The SCR system supplies urea solution to an exhaust gas upstream of the SCR device to generate ammonia using heat of the exhaust gas, and using the ammonia, reduces NOx on an SCR catalyst to purify NOx (see, for example, patent literature 1).
As illustrated in FIG. 4, upon urea solution reaching a temperature equal to or exceeding its boiling point, water in the urea solution starts to evaporate, and as a result, the urea solution turns into a melt, through which a gas is generated. The generated gas, upon its temperature being raised, is crystallized, resulting in generation of a solid. Upon the generated solid subliming, ammonia is generated. Also, the generated melt and/or gas are partially hydrolyzed with water vapor, generating ammonia and carbon dioxide.

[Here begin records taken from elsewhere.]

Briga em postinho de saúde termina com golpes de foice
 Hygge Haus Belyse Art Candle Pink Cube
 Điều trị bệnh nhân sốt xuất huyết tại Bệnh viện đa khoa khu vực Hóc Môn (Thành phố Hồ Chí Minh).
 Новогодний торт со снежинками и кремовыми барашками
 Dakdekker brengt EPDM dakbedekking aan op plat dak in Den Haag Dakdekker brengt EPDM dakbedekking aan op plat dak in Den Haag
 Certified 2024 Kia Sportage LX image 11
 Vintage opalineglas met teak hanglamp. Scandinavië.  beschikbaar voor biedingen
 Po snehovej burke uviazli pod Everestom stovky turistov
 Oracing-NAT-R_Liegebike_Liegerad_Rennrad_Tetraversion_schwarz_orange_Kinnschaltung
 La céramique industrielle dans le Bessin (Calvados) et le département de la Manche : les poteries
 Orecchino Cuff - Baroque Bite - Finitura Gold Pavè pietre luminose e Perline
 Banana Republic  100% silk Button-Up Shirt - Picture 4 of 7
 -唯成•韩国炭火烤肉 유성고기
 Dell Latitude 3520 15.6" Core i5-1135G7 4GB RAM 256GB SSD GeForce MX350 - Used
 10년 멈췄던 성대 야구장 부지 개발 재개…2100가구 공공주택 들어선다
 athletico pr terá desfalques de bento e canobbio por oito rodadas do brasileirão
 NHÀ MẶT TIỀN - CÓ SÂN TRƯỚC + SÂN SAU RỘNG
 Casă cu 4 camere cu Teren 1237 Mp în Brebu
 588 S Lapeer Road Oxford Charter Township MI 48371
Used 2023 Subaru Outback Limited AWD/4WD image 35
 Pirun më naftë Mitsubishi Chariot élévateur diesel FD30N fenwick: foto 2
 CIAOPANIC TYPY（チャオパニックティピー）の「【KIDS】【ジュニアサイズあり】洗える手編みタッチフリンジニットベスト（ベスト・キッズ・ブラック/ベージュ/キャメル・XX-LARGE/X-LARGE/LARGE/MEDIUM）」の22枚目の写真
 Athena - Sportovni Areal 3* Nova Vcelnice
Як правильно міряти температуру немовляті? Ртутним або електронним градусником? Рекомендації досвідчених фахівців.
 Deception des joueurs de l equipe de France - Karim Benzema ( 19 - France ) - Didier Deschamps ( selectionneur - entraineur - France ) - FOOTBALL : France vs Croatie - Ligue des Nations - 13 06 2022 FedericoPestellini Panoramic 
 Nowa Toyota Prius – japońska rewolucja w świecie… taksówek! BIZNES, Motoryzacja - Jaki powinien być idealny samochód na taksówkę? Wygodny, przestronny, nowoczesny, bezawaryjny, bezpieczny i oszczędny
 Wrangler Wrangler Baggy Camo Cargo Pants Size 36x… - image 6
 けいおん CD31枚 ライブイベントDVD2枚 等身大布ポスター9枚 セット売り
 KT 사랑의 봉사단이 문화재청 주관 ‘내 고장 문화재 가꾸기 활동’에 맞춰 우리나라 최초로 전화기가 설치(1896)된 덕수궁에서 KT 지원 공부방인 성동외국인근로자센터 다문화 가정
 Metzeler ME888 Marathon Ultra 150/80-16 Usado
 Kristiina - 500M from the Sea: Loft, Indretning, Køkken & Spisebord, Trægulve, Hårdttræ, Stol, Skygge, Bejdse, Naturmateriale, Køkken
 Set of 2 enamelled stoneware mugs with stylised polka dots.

Urea solution is injected from a dosing valve (urea injection device or dosing module) provided on the upstream side of the SCR device.
As illustrated in FIG. 5(a), a dosing valve 104 has a structure in which a cylinder 51 filled with high-pressure urea solution L is provided with an injection orifice 52 and a valving element 53 occluding the injection orifice 52 is attached to a plunger 54, and upon energization of a coil (not illustrated) to pull up the plunger 54, the valving element 53 is moved away from the injection orifice 52, whereby urea solution L is injected. Upon the energization of the coil being stopped, the plunger 54 is pulled down by means of an internal spring force so that the valving element 53 occludes the injection orifice 52, whereby the injection of urea solution L is stopped.
The dosing valve 104 is provided in an exhaust pipe for an engine, the exhaust pipe allowing a high-temperature exhaust gas to flow therein. Upon the dosing valve 104 heated to a high temperature, the urea solution L in the dosing valve 104 also has a high temperature, and disadvantageously, proper urea solution injection control may not be performed as a result of the dosing valve 104 having a failure in operation, e.g., the urea solution L in the dosing valve 104 being crystallized, resulting in fixation of the plunger as illustrated in FIG. 5(b) or a solid body resulting from the crystallization of the urea solution L being stuck between the valving element 53 and the cylinder 51 (valve seat) as illustrated in FIG. 5(c), disabling injection of urea solution L to be stopped.
Furthermore, a corrosive intermediate product (ammonium carbamate) is disadvantageously generated in a process of generating ammonia from urea solution and the corrosive intermediate product corrodes the inside of the dosing valve. Furthermore, when urea solution in the dosing valve is heated to a high temperature, parts made of rubber or resins, which are used in the dosing valve, may disadvantageously be damaged. In the present description, these troubles are collectively referred to as thermal damage.
In order to prevent such thermal damage, cooling water for cooling an engine is made to pass through a dosing valve to cool the dosing valve by means of the cooling water.